An online trader who was selling counterfeit Disney DVDs has been given a five month suspended sentence, suspended for two years, at Lisburn Magistrates’ court.

In a case brought by the Trading Standards Service of the Department of Enterprise, Trade and Investment, Mark Alan Wilson (40) of Hermitage, Culcavy, who traded on eBay, pleaded guilty to nine charges under Section 92 of Trade Marks Act 1994 and 10 charges under Section 107 of Copyright Designs and Patents Act 1988. Mr Wilson was also ordered to forfeit over 300 DVDs.

Trading Standards Officers purchased a Walt Disney DVD from Mr Wilson via eBay and had it examined by a representative of the Federation Against Copyright Theft (FACT). It was found to be fake.

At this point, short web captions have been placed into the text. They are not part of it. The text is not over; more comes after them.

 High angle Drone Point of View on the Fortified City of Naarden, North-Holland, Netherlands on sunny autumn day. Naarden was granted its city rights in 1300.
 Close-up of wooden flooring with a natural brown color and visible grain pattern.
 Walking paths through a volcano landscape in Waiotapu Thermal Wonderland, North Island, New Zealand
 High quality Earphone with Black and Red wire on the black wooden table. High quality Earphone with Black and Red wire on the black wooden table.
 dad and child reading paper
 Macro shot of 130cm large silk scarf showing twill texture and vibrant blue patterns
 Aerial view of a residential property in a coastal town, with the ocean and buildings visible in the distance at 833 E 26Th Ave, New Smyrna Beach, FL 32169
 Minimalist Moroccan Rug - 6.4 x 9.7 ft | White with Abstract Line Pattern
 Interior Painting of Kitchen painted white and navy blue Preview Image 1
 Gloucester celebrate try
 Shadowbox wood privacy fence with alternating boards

In Feb 2013, Trading Standards Officers, accompanied by industry specialists from the Federation Against Copyright Theft (FACT), visited Mr Wilson’s home and seized over 300 DVDs all purporting to be Disney productions.

It transpired that the DVDs were being imported by Mr Wilson from a supplier in China. In actions by the United Kingdom Border Force (UKBF) and Trading Standards Service, Mr Wilson lost in the region of 900 assorted DVDs.

Information obtained from eBay, by Trading Standards Service, indicated that Mr Wilson had sold at least £7,000 worth of Disney DVDs on eBay in previous five months.

Nicholas Lane, Inspector for Trading Standards Service said: “The internet has opened many business opportunities and we welcome this, but it is the trader’s responsibility to keep within the law. Anyone who imports goods into the UK and offers them for sale must ensure they are genuine and comply with all statutory requirements.”

“The Trading Standards Service is uncovering sellers of counterfeit goods on auction sites and social media sites on a weekly basis and we will not hesitate to take enforcement action against any trader found to be selling fake goods. We would like to remind anyone involved in this type of activity that the courts can impose penalties of up to £5,000 or six months in prison per offence if trademarks or copyrights are infringed.”